Comparar o PRR português com o programa espanhol não só
ajuda a explicar muitos erros, como dá importantes pistas sobre o futuro.
O PRR revisto começa por ser decepcionante em relação à
forma como o governo não ouviu os inúmeros protestos da sociedade civil, que se
queixou de excesso de Estado.
Escolhendo apenas um tema, pela sua especial importância, o
da Formação e qualificação, verificamos que é um dos elementos mais mal
tratados do programa. Não se antecipa a reforma profunda que esta actividade
necessita, que deveria ser mais focada nas necessidades concretas da economia e
das empresas; os montantes previstos, em vez de serem largamente expandidos da
quota original de apenas 8%, sofreram um corte de 35 milhões de euros; mais de
metade da verba é destinada a “Modernização da oferta e dos estabelecimentos de
ensino e da formação profissional”, como se o problema residisse nas
instalações.
As insuficiências e defeitos do PRR português tornam-se
ainda mais flagrantes e indesculpáveis quando aquele é confrontado com o
programa espanhol (PRTE), também apresentado por um governo de esquerda,
sublinhe-se.
Um dos problemas maiores do nosso PRR é vir colmatar
investimento corrente, que o governo cortou (temos tido investimento público
ainda mais baixo do que no tempo da “troika”), para financiar políticas
eleitoralistas, como as 35 horas na administração pública. Assim, em vez de
termos novos investimentos, vamos apenas ter o que foi (mal) adiado.
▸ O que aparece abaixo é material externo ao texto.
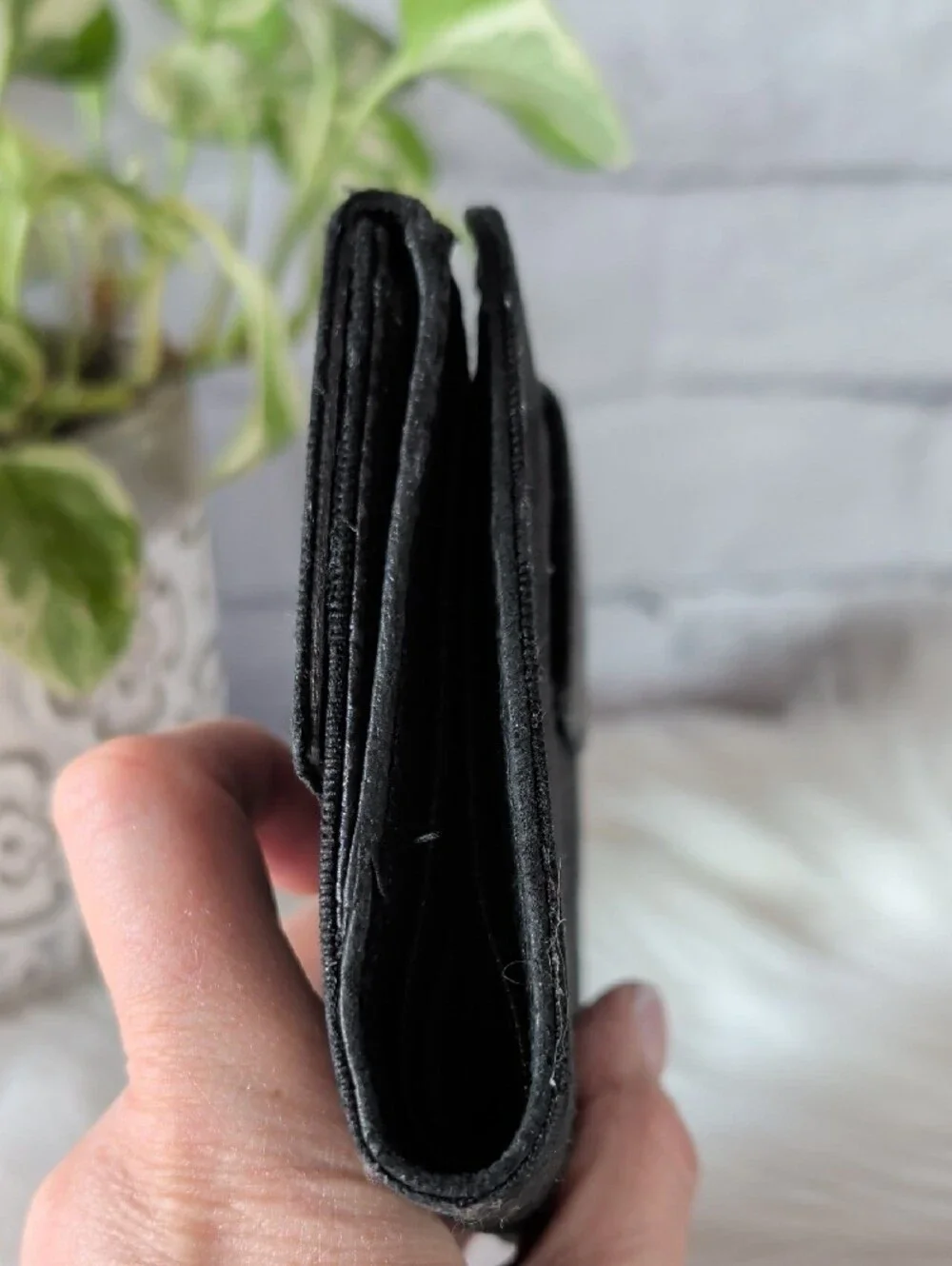 Authentic Gucci Black Monogram Canvas Compact Wallet with Silver-Tone Disc Snap - Picture 11 of 12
Comparando com o caso espanhol, isso ainda se torna mais
flagrante. Em primeiro lugar, a saúde, em “18. Renovación y ampliación de las
capacidades del Sistema Nacional de Salud”, recebe apenas 1,5% dos
investimentos enquanto no caso português o SNS irá receber 8,3% do total, um
sinal evidente que o nosso governo pretende usar o PRR para colmatar os
investimentos que deixou de fazer nesta área nos últimos anos.
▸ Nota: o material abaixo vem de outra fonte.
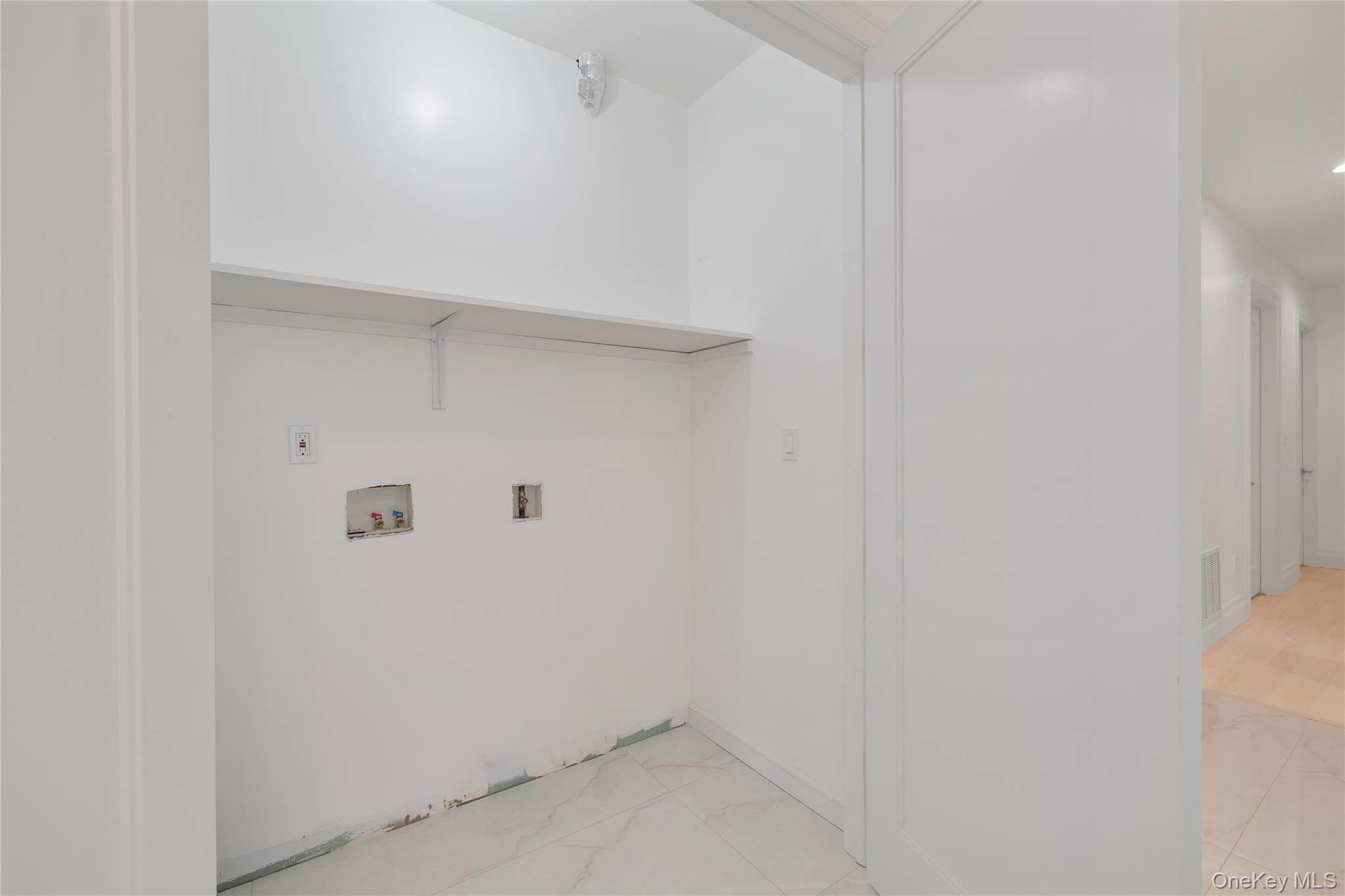 27 Ellish Parkway Unit: 103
Em segundo lugar, todo o capítulo “XX. Modernización del
sistema fiscal”, não tem qualquer verba atribuída neste programa, sinal de que
será concretizado com base na actividade corrente do executivo e dos orçamentos
nacionais.
Um dos aspectos mais incompreensíveis é que este PRR,
infelizmente, por um lado, se assume mais como instrumento de recuperação de
curto prazo do que como desenvolvimento de médio prazo, e, por outro, tem um
calendário de investimento dos mais atrasados da UE. Isto é absurdo, porque se
a preocupação maior é a recuperação, então o investimento deveria ser realizado
o mais cedo possível.
Quando comparado o calendário português com o espanhol,
ainda se torna mais visível a incongruência: enquanto em Espanha se antecipa
realizar quase todo o investimento até 2023, no nosso caso há um atraso de dois
anos em relação a este desempenho.
Agora que o PRR, com todas as suas limitações, está
definido, temos que nos focar na sua fiscalização, para o que se exige a maior
transparência e uma oposição especialmente exigente.